Instructions for the task:
Keeping pictures out, repeat the lines of the listing below exactly, starting at its first line and finishing with the one that holds "We get the monitor".

BEGIN Raw data

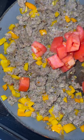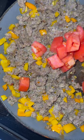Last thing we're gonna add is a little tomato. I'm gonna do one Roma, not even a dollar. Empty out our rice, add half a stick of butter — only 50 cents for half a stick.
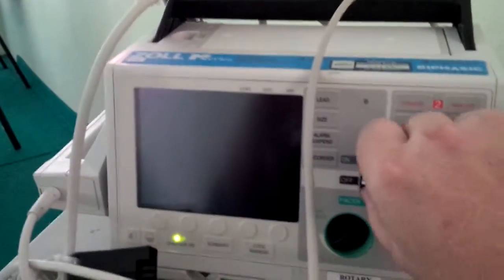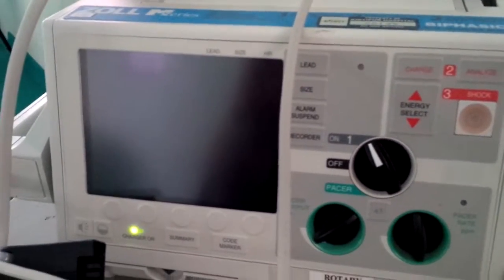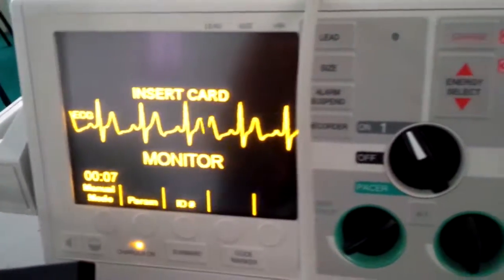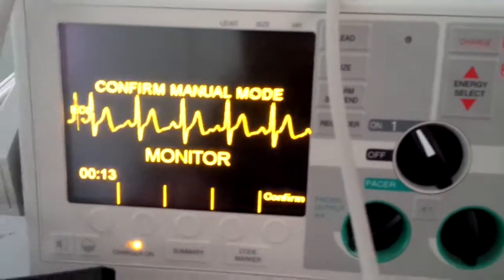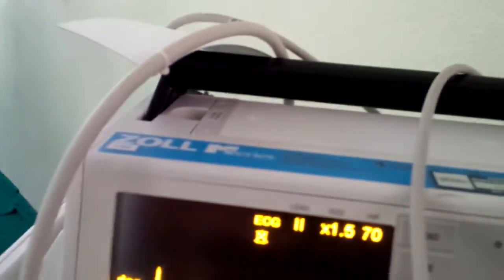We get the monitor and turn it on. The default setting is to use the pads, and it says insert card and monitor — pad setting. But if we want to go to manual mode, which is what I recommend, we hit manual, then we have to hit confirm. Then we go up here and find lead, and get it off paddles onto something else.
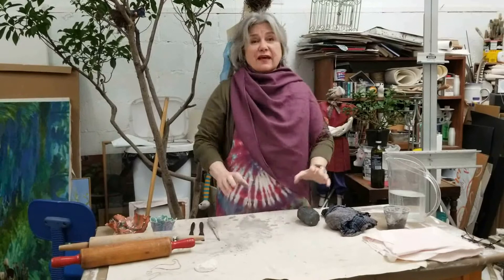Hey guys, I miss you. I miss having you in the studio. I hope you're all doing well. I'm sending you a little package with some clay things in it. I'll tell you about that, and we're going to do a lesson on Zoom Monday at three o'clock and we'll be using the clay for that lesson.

END Raw data

Answer for the task:
Last thing we're gonna add is a little tomato. I'm gonna do one Roma, not even a dollar. Empty out our rice, add half a stick of butter — only 50 cents for half a stick.
We get the monitor and turn it on. The default setting is to use the pads, and it says insert card and monitor — pad setting. But if we want to go to manual mode, which is what I recommend, we hit manual, then we have to hit confirm. Then we go up here and find lead, and get it off paddles onto something else.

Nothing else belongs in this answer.